March 23, 2014

A practical comparison of Map-Reduce in MongoDB and RavenDB

Over the past week I’ve been learning about MongoDB. In my adventures with Node.js I am now at the point where I need some kind of data store.

I’ve found MongoDB fairly easy to grasp due to their excellent documentation and that I have experience with RavenDB. Therefore many of the concepts surrounding NoSQL/Document databases are already familiar to me.

I thought it would be interesting to do a practical comparison of Map-Reduce in both MongoDB and RavenDB.

To begin with I created a bunch of “blog post” documents in both database with the following structure:

"title" : "ASP.NET Identity Stripped Bare - MVC",
"tags" : [
	"ASP.NET",
	"ASP.NET MVC",
	"Security"
]

The goal is to use Map-Reduce to generate a list of tags with a count of their usage e.g.

{
	"tag" : "DDD",
	"count" : 1,
},

{
	"tag" : "OWIN",
	"count" : 2,
},

{
	"tag" : "Security",
	"count" : 1,
}

We could use this data to generate something fancy like a tag cloud on a web site (like it’s 2005 baby).

MongoDB

One of my favourite things about MongoDB so far is the JavaScript API and hacking away in the mongo shell.
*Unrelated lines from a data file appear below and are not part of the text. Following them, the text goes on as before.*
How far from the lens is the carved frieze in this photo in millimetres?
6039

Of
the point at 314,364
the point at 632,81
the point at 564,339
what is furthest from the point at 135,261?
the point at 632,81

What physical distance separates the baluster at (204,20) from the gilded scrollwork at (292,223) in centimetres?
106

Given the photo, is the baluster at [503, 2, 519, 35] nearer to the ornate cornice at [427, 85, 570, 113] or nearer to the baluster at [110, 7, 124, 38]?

Using a dynamic language for unstructured/dynamic data is quite advantageous.

Map-Reduce (JavaScript API)

To begin with I define two functions; one for map and one for reduce.

The map function projects (or emits) each tag:

var map = function() {
  this.tags.forEach(function(tag) {
    emit(tag, {
      count: 1
    });
  });
}

emit takes a key (used to reduce the data) and a value.

It’s important to note that MongoDB only calls the reduce function for those keys that have multiple values. Therefore the value you emit should mirror the return value from the reduce function.

This through me at first as I did not understand why I was not getting any data back for tags that have only been used once and is the reason why I emit count: 1 above.

The reduce function aggregates the results and is called for each unique key in the result set:

var reduce = function(key, values) {
  var totalCount = 0;

  values.forEach(function(value) {
    totalCount++;
  });

  return {
    count: totalCount
  }
};

To execute the Map-Reduce function and output to the shell we call:

db.posts.mapReduce(map, reduce, { out: { inline: 1 }})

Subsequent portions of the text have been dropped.